Stocks fall to lowest level since 1997 as Dow drops below 6,800

ByABC News
March 2, 2009, 11:25 PM

NEW YORK -- If there ever was a symbol of investors' lack of confidence in the government's ability to stem the financial crisis, it was the Dow Jones industrials plunging below 7000 Monday and closing at levels not seen since April 1997.

Stocks are in free fall. Investors are in panic mode. The government's numerous bailout attempts including its latest gambit to prop up insurer American International Group have failed to restore hope.

And how low stocks must go before bottoming out is anyone's guess.

"It's a bloodbath, pure and simple," says Scott Black, president and portfolio manager at Delphi Management. "This is a vote of no confidence in the Obama administration. It doesn't matter what you own, everything is going down. It is a total capitulation. People are just terrorized and are throwing in the towel."

Wealth is being destroyed on Wall Street at a rate not seen since the 1930s. The gains from the 2002-07 bull market are gone. A big chunk of the huge profits from the 1990s dot-com stock boom have been wiped out. In all, after Monday's 300-point drop to 6763, more than 7,400 Dow points, or 52.3%, have disappeared since the October 2007 peak, the biggest-ever point drop.

Of all the bear markets in Dow's long history, only the 89.2% drop during the Great Depression was worse.

All that pain is calling into question the buy-and-hold strategy that once was sacred on Wall Street.
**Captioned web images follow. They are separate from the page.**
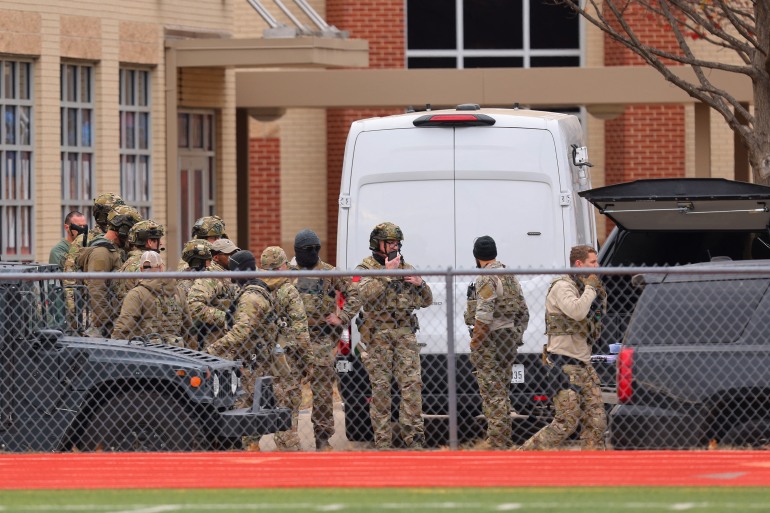Hostages freed after standoff at Texas synagogue, gunman dead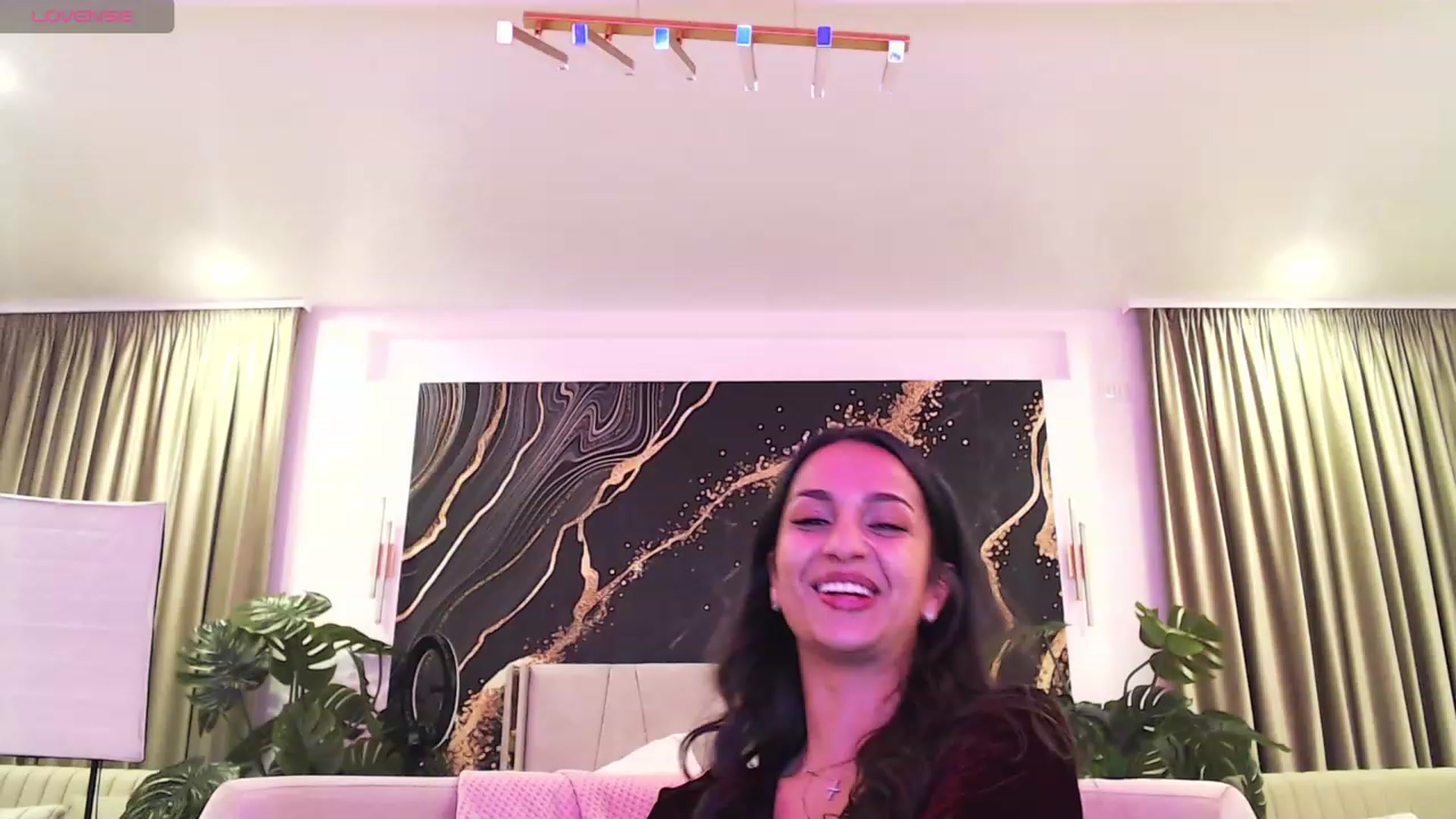 Gallery image thumbnail from Aana_lise's myfreecams stream on, 03/12/2024, 22:21 image 1 of 20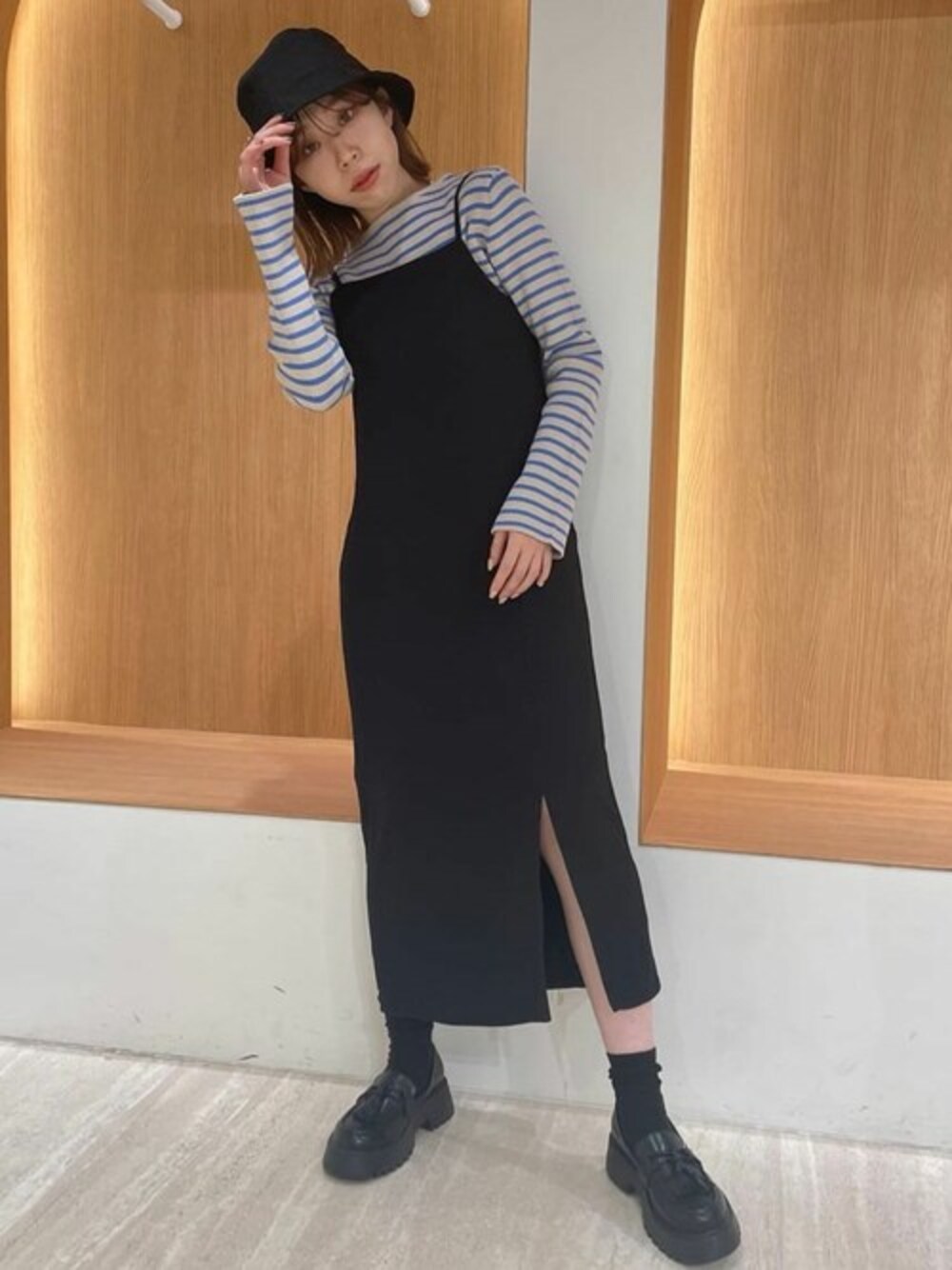 「ワンピース、春服、春色、春コーデ、春服デビュー宣言」｜「FREE'S MARTの◆フロントスリットナローキャミジャンパースカート（ジャンパースカート、ブラック系）」を使った、FREE’S MART STAFFさん（レディース・156cm）の春コーディネートの1枚目の写真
And it's leading analysts to wonder if a generation of investors, many of whom have seen their retirement nest eggs lose more than half their value, will bail out of stocks for good. Some analysts say stocks, which posted zero gains for the 10-year period ended in October, are setting up for a second "lost decade."

"The danger is, you risk developing a generational divesture out of the stock market," says John Bollinger, president and founder of Bollinger Capital Management. "You could have an entire generation say, 'I don't care, get me out of the stock market.' Investors could flee stocks in 401(k)s, IRAs, trust accounts and their personal accounts. I think that is what is going on now."

Adds Frank Cappiello, chairman of Montgomery Bros. Cappiello in Baltimore:

"This is frightful I've never seen a bear market without a rally. No one wants to step up to the plate. We're going to have a whole generation without enough to retire on."

A sudden fall

The rise and fall of the stock market has been sudden and swift. The peak of the market was hit in October 2007, when stocks were flying high amid record corporate earnings fueled by cheap money and massive risk-taking by investors who thought home prices and stock prices would keep going up forever.

But that investment thesis came tumbling down last spring, when the bursting of the housing bubble started to add up to massive losses for Wall Street banks and other financial services firms tied to bad mortgages. The near failure of Wall Street investment bank Bear Stearns in March 2008 and its subsequent purchase by JPMorgan Chase at a fire sale price was a key turning point, because it illustrated just how profound and dangerous the brewing financial crisis and credit crunch was to banks and the health of the economy.